Garayko arrotza

Hace muchos años, al parecer, un estudiante de la Sorbonne (París) de origen incierto (quizás armenio o judío) prometió hacer el camino de Santiago. Al acercarse a Luzaide (Valcarlos) donde hacía aún más tiempo cayeron otros franceses, se enamoró, abandonando su promesa (la leyenda habla de una maldición que impediría, como castigo, que cualquier descendiente, fuera hombre o mujer, adoptara los hábitos).
Los habitantes oriundos del pueblo, tan evidente o excepcional debía de ser su condición foránea, llamaron al estudiante “arrotza-garay”, el “extranjero que vive arriba”.

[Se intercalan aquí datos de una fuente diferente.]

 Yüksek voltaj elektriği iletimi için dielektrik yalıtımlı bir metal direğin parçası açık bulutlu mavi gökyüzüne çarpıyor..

Después de varias generaciones, la familia se extendió, dando lugar a distintas ramas de aquel primer tronco.

El aita de mi padre, el aitatxi (abuelo) se llamaba Joanes. Su hermano, Manez. Fueron bautizados con nombres diferenciados, en euskera. Llegado el momento, ambos hermanos marcharon a Estados Unidos buscando trabajo como pastores. Las cosas no les fueron mal y después de treinta años de duro trabajo regresaron como “indianos”. De nuevo, extranjeros.
La ama de mi padre, la amatxi (abuela) Eulalia era francesa. Se apellidaba López y es que durante una época, muchas personas cercanas a los Pirineos (Huesca, en este caso) los cruzaban para confeccionar alpargatas en Maule. También fue a América y allí conoció al aitatxi.

Cuando volvieron los dos hermanos y quisieron escriturar una propiedad (en castellano), uno de ellos debió cambiarse el nombre, añadiendo Luís a Juan (traducción tanto de Joanes como de Manez),  ya que ambos eran la misma persona, igual nombre, iguales apellidos…



Seguramente ésta no sea la única historia familiar. Quizás hasta esté incompleta o incorrecta pero, de alguna manera, me identifico con esas personas, que conocí poco o nada, de las que heredé el apellido: el “extranjero que vive arriba”.